The emergence of the tall building as an architectural form has been a feature of the twentieth century city (Bradford Landau and Condit, 1996). Likewise, responses to the development of tall buildings have characterised urban planning during this period. As well as the design and appearance of the buildings themselves, the urban planning implication of building tall started to be articulated from the end of the nineteenth century onwards. Goldberger (1981) outlines that at the start of the twentieth century it was beginning to be understood that tall buildings were fundamentally different to what had been built before, and that they demanded a different set of attitudes towards the making of cities. The following sections use the examples of New York City, Paris, Houston and Shanghai to assist in understanding the drivers, impacts and responses to tall buildings during their evolution.
The Emergence of the Tall Building
The evolution of the tall building has been punctuated by a series of technological innovations that have fuelled their development since their inception in the USA in the late nineteenth century. Webster (1959) suggests that the tall building typology would not have evolved without unique favourable conditions. Firstly, he outlines economic conditions: as the emerging cities of the USA developed, demand for land in central areas led landowners to seek to maximise their profits by demanding ever more intense development (Webster, 1959; Kostoff, 2001). This has been a characteristic of tall buildings ever since; they are a way of increasing the amount of saleable or rentable floor space of a plot in order to maximise returns to the landowner. Secondly, the nature of land ownership in many cities in the USA at that time meant that plots were small or fragmented, requiring innovative solutions for development in order to realise profits on individual sites (Bradford Landau and Condit, 1996). Finally, the availability of capital contributed to the evolution of the tall building in that it provided significant amounts of money to both experiment with built forms and to portray the wealth of individuals and corporations. Critics such as Abel (2003) and Kostoff (2001) indicate that tall buildings often represent excessive money and power and the erosion of traditional values. Furthermore, it has been argued that tall buildings can either declare to the world that there is a strong economy where tall buildings develop, or that there is economic confidence in a particular location (House of Commons, 2002). For contemporary tall building projects to come to fruition there is a requirement that an occupier for a significant amount of the internal space is found, meaning that market confidence in the location of new tall buildings is crucial to the success of such projects (Sudjic, 2005, Sudjic, 1993).

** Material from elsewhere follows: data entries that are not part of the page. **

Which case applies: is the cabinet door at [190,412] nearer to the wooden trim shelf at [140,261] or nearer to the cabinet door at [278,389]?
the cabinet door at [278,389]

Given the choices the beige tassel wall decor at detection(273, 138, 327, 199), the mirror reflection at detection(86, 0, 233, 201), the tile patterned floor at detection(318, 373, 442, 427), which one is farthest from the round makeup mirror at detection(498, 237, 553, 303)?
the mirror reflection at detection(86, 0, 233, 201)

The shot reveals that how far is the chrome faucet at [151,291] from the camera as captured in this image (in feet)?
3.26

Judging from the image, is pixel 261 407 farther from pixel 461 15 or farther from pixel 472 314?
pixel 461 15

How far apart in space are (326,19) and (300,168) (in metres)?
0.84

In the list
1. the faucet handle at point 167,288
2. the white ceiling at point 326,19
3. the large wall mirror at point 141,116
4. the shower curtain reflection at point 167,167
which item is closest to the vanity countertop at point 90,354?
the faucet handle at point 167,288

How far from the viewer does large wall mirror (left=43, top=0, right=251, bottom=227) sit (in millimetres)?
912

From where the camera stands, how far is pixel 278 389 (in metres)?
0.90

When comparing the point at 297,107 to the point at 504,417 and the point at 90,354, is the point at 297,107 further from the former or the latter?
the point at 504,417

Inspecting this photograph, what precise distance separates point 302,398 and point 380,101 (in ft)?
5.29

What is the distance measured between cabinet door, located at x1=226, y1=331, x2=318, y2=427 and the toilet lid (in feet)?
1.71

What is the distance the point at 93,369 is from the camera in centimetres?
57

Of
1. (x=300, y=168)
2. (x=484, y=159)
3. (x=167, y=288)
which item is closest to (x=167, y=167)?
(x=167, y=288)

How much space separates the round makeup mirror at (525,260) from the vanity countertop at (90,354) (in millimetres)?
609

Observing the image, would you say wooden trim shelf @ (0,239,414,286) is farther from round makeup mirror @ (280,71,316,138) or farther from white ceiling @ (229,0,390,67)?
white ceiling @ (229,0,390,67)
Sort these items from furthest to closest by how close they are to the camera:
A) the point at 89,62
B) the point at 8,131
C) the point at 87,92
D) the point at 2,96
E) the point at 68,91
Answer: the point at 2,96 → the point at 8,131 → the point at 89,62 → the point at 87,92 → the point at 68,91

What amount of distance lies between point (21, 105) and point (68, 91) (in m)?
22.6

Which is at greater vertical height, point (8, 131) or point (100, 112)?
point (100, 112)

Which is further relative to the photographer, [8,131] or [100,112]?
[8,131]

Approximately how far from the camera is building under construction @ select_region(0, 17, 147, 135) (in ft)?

Webster outlines the technological conditions that allow tall buildings to evolve. He distinguishes these from the means (structural and material conditions) outlined above and specifically refers to the availability of suitable tools, building processes, sources of power, plumbing, heating, air conditioning and so on, as being crucial to the evolution of the tall building. The necessary synthesis of these technological developments is often overlooked as they are not readily visible yet are crucial to the successful completion of tall buildings.
The evolution of this new built form at the beginning of the twentieth century resulted in a new set of challenges for planning, regarding the impacts of tall building in particular places, how the impact of such buildings could be managed through existing or new regulatory mechanisms, and finally, how this regulation could be incorporated within decision-making processes. Furthermore, the unique challenges posed by building tall were magnified in situations where built heritage and character of place were relevant, necessitating the evolution of regulatory tools designed to protect buildings and townscapes of historic or architectural significance.
The first quarter of the twentieth century saw the evolution of the skyscraper as a distinctly American invention, providing much needed office space to overcrowded and rapidly growing cities. The debates around the impacts of such buildings related mainly to the concerns of light and shadow, impact on neigh-bouring buildings, the health and safety of occupants, and the transport of large numbers of workers to and from such buildings.
This phase of the evolution of tall buildings, and responses to them, was distinctive to North America (Goldberger, 1981) (see Figure 1.1). At that time unique conditions in the USA saw the invention of the iron frame that proved pivotal in assisting buildings to grow taller. This displaced solid, load-bearing walls with an interior metal frame utilising technology borrowed from bridge building (Hall, 1998). Furthermore, when used with the iron frame structure, a curtain wall could be made of thinly-cut stone, glass or metal thereby opening up opportunities for dressing buildings. Finally, the development of the Otis mechanical lift, in 1880, facilitated a great range of building heights (Abel, 2003). Other innovations – from the replacement of the iron frame in the early twentieth century by the use of both rolled steel and reinforced concrete (which expand and contract at the same rates and bond to steel extremely well), to current technological innovations in sustainable building forms – are resulting in the potential for taller buildings with unique forms (Webster, 1959; Yeang, 2002).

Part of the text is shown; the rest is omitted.